Entries taken from a collection:
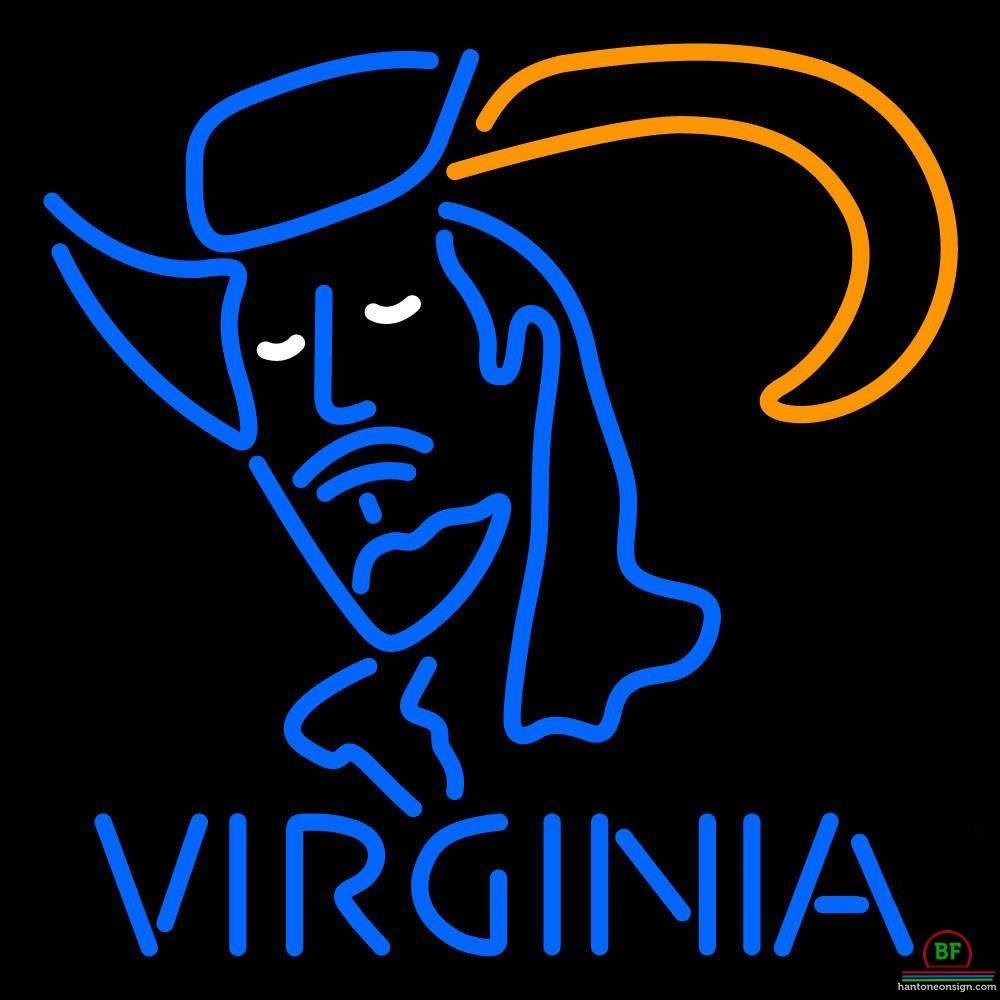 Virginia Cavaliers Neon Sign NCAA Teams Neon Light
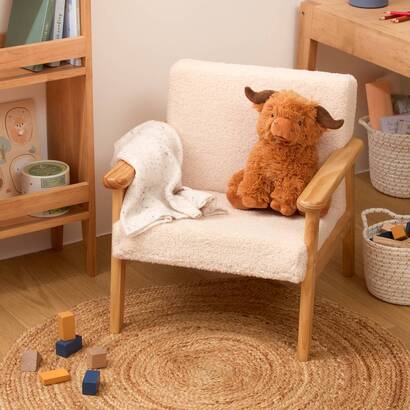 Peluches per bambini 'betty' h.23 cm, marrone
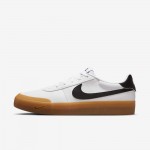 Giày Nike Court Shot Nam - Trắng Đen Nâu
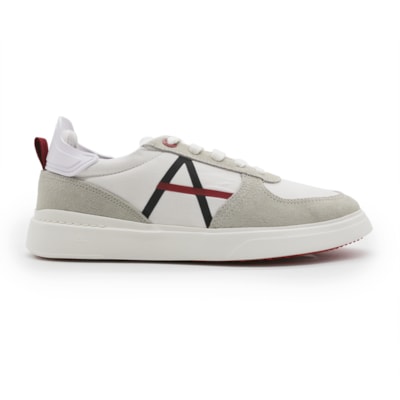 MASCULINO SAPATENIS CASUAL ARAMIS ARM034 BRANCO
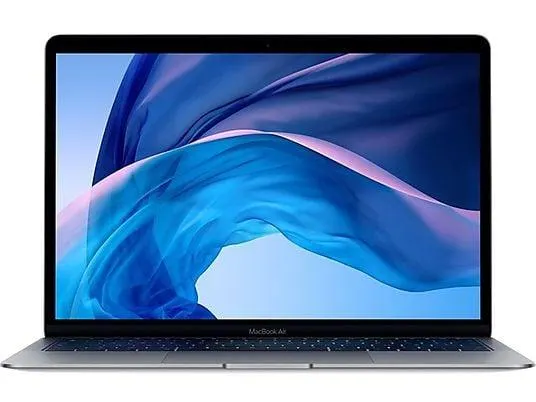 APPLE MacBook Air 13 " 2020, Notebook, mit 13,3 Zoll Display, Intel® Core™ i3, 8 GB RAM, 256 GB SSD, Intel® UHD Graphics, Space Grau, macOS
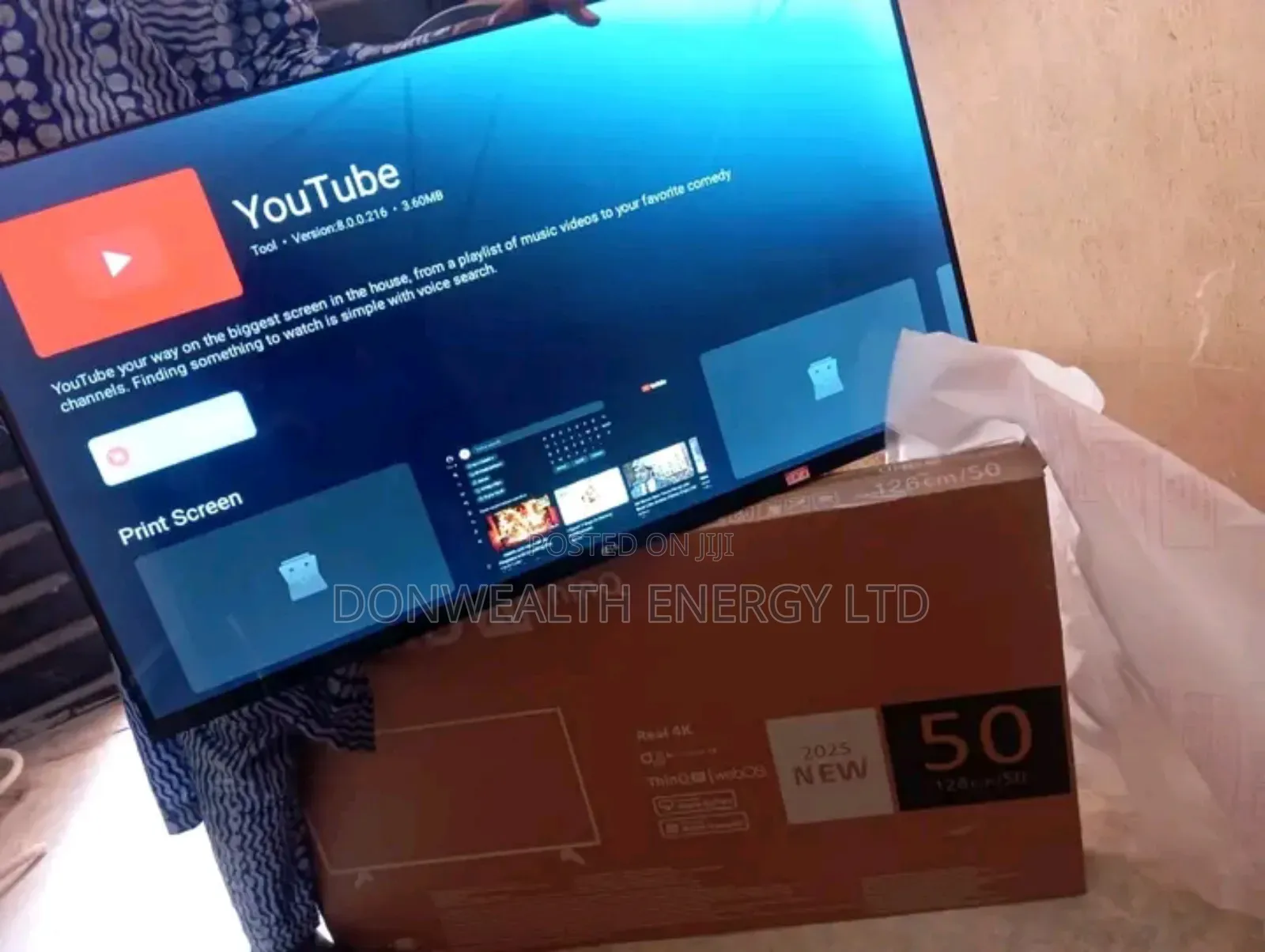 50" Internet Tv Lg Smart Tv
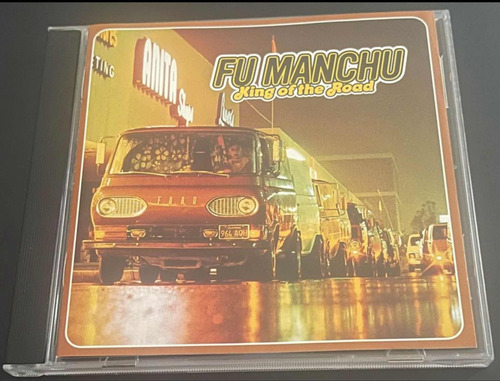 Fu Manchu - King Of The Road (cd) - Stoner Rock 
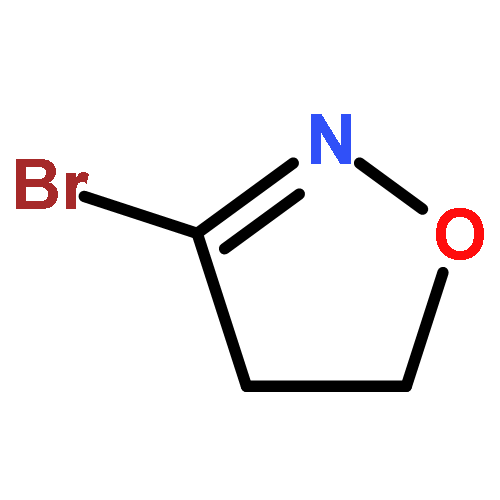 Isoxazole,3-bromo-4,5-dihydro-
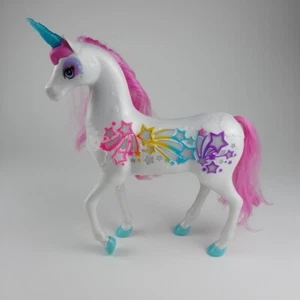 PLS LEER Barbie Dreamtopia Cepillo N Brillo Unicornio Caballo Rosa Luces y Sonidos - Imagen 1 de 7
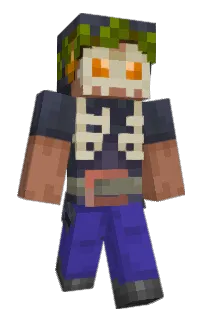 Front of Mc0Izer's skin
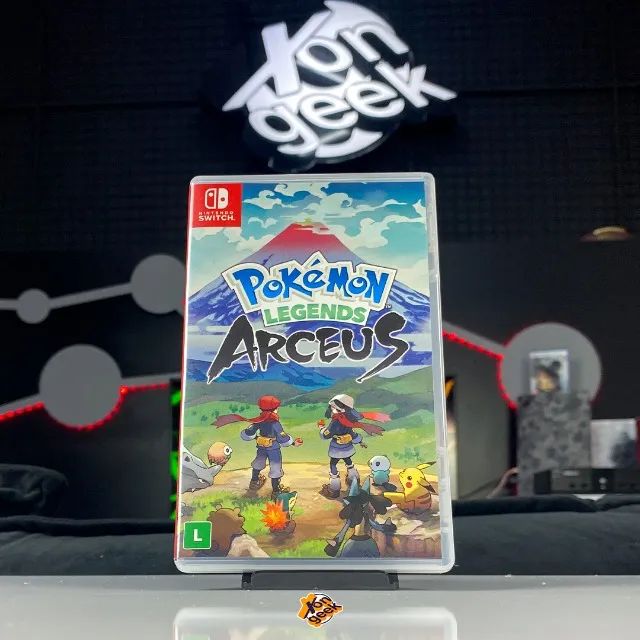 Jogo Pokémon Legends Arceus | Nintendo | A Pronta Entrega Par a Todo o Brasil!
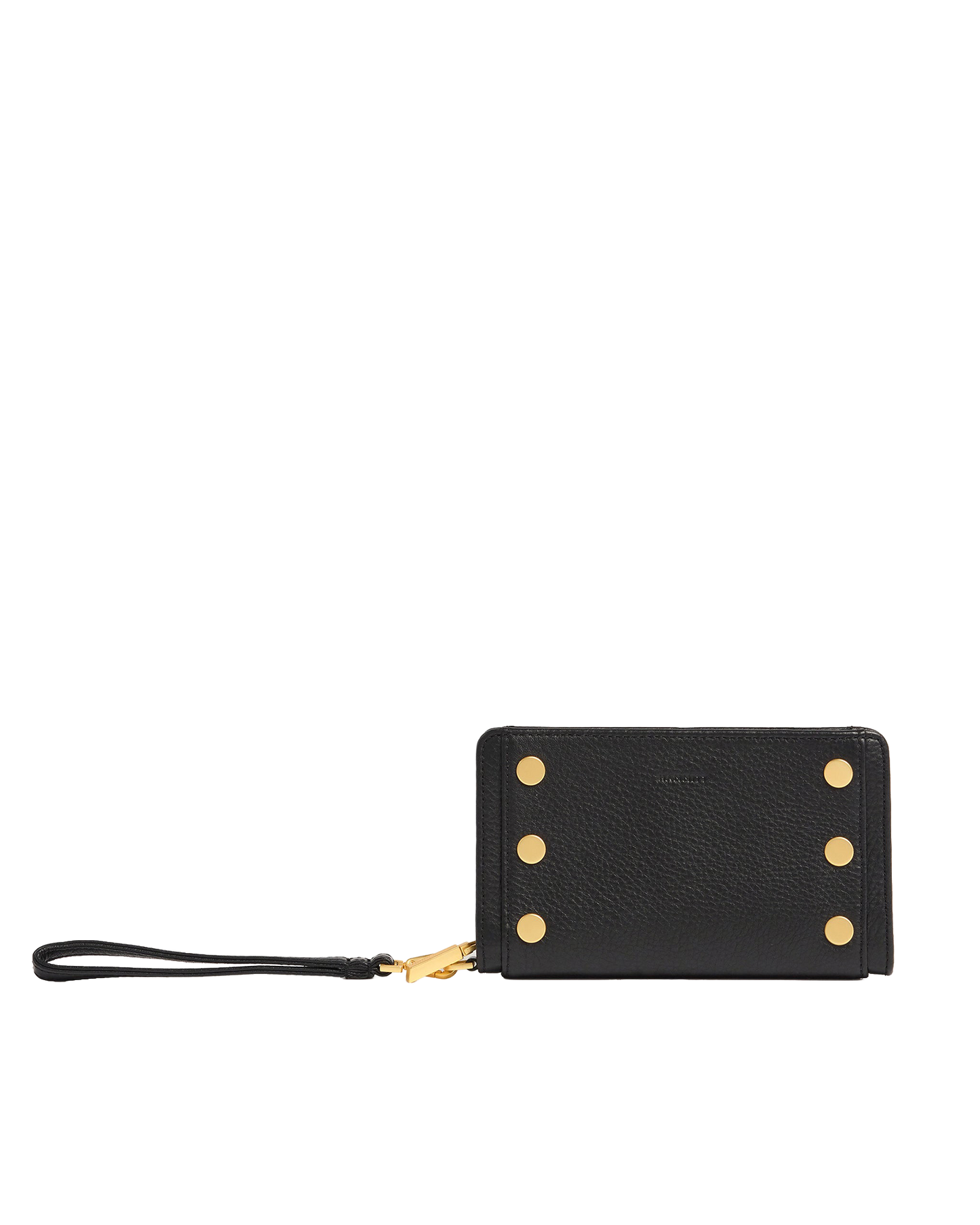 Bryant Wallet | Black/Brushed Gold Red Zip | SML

_Assignment:_ The expected output is the exact run of lines from the one containing "Fu Manchu - King" through the final line of the data above, both ends included, with no pictures.

_Solved exercise:_
 Fu Manchu - King Of The Road (cd) - Stoner Rock 
 Isoxazole,3-bromo-4,5-dihydro-
 PLS LEER Barbie Dreamtopia Cepillo N Brillo Unicornio Caballo Rosa Luces y Sonidos - Imagen 1 de 7
 Front of Mc0Izer's skin
 Jogo Pokémon Legends Arceus | Nintendo | A Pronta Entrega Par a Todo o Brasil!
 Bryant Wallet | Black/Brushed Gold Red Zip | SML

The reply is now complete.